=== Data to use ===
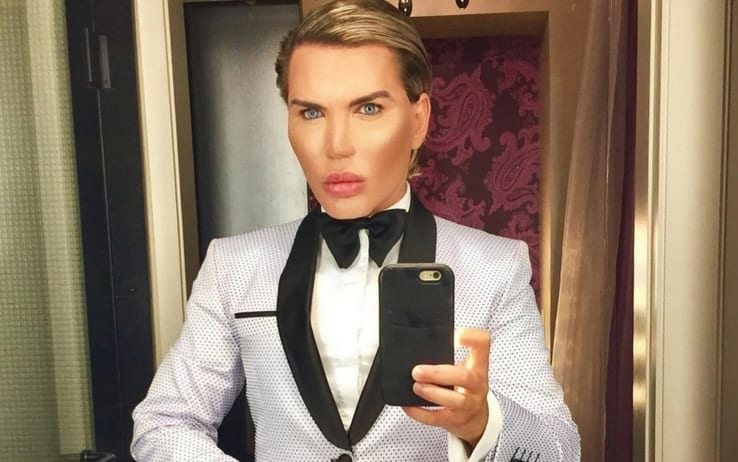 Rodrigo Alves: il Ken umano svela la sua ultima plastica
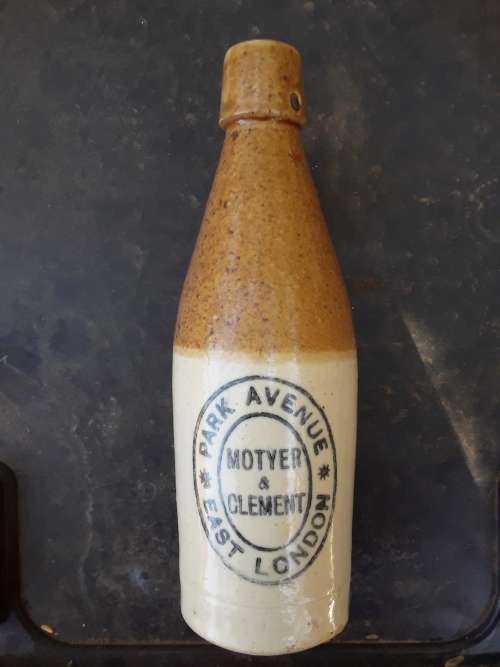MOTYER AND CLEMENT PARK AVENUE EAST LONDON Ginger beer bottle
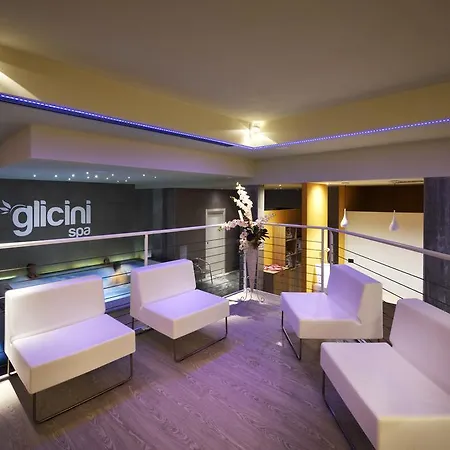 Glicini ホテル ピネローロ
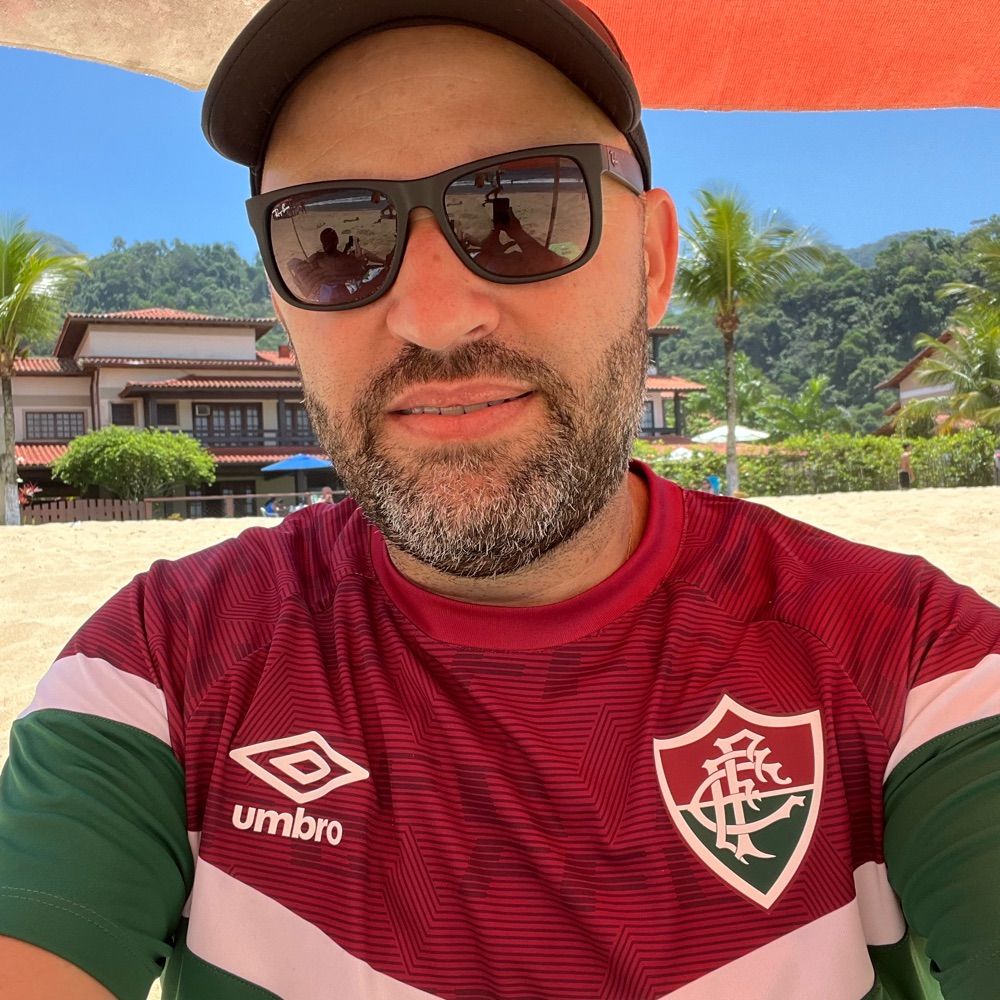 Tricolor
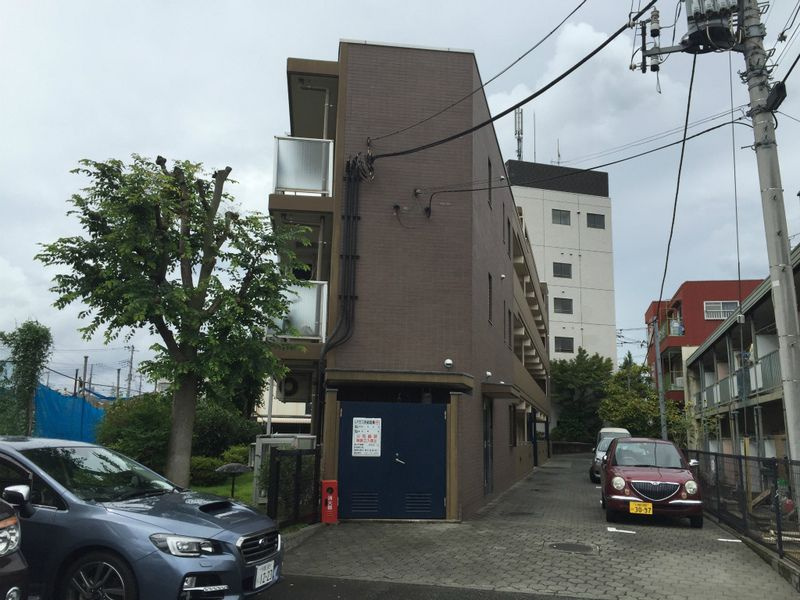 アパートメントライブライフの駐車場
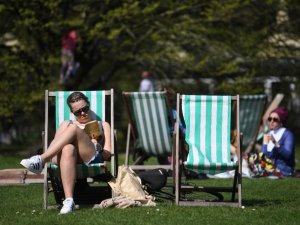 İngiltere’de son 24 saatte 2 bin 379 vaka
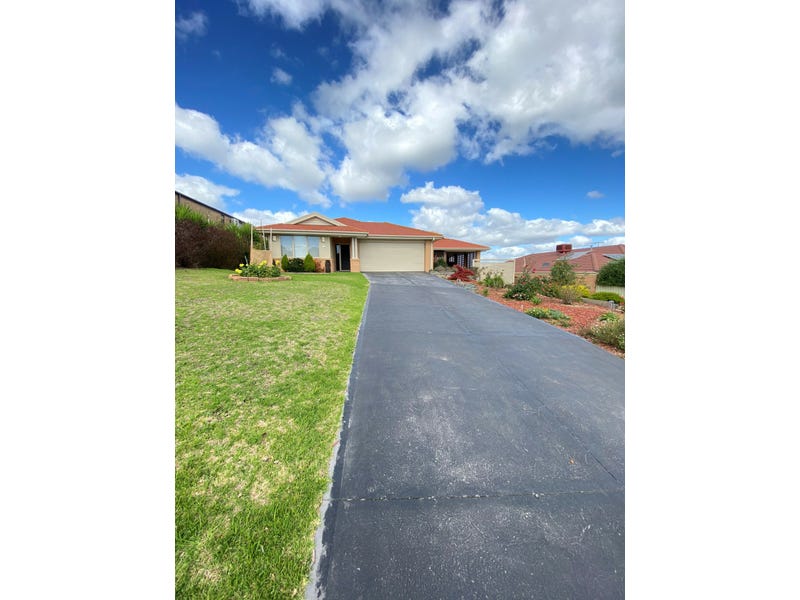 105 Valley Drive, Wallan, VIC 3756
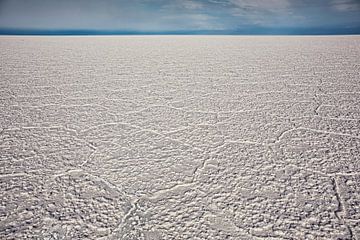 De gebarsten zoutvlakte in Salar de Uyuni, Potosi-gebied, Bolivië, Bolivia. The weather is clear wit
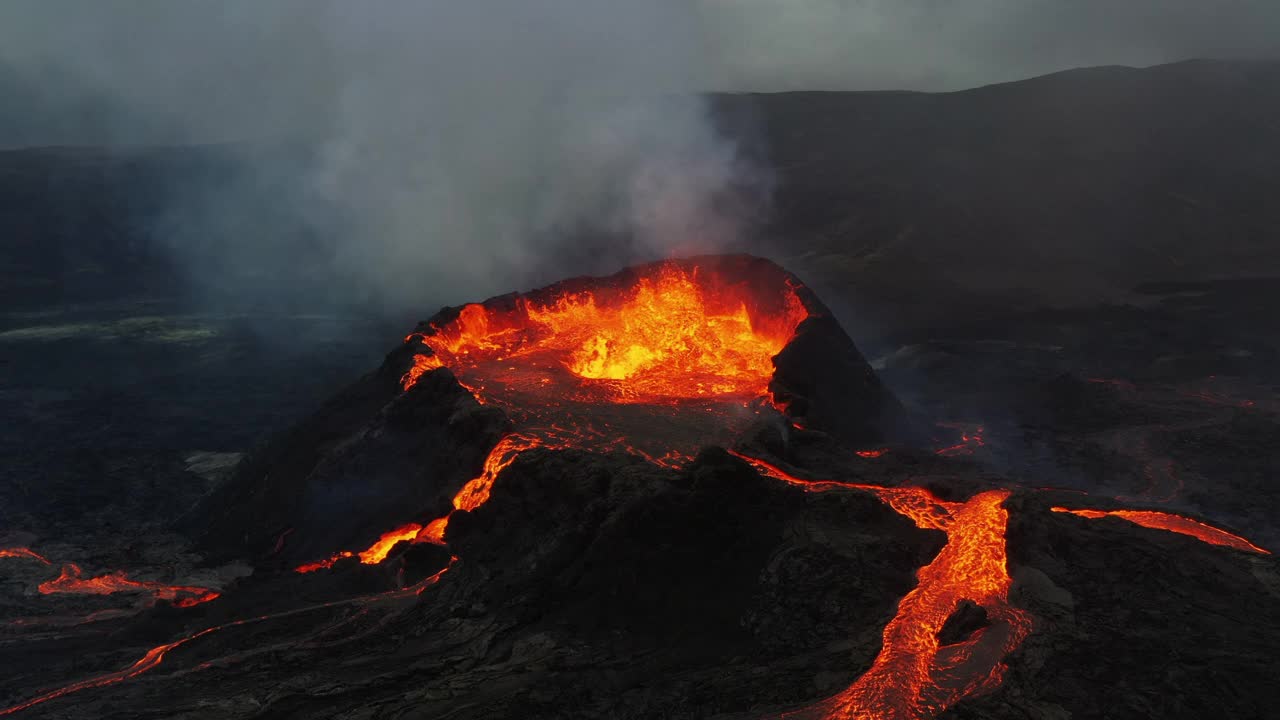 无人机拍摄的照片显示，岩浆在冰岛雷克雅内半岛的fagradalsjall火山喷发，直冲云霄视频素材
===
» Task brief
Your copy must hold exactly the lines from the one with "İngiltere’de son 24 saatte 2 bin 379 vaka" to the end of the records above, both included, and no pictures.

» Expected answer
 İngiltere’de son 24 saatte 2 bin 379 vaka
 105 Valley Drive, Wallan, VIC 3756
 De gebarsten zoutvlakte in Salar de Uyuni, Potosi-gebied, Bolivië, Bolivia. The weather is clear wit
 无人机拍摄的照片显示，岩浆在冰岛雷克雅内半岛的fagradalsjall火山喷发，直冲云霄视频素材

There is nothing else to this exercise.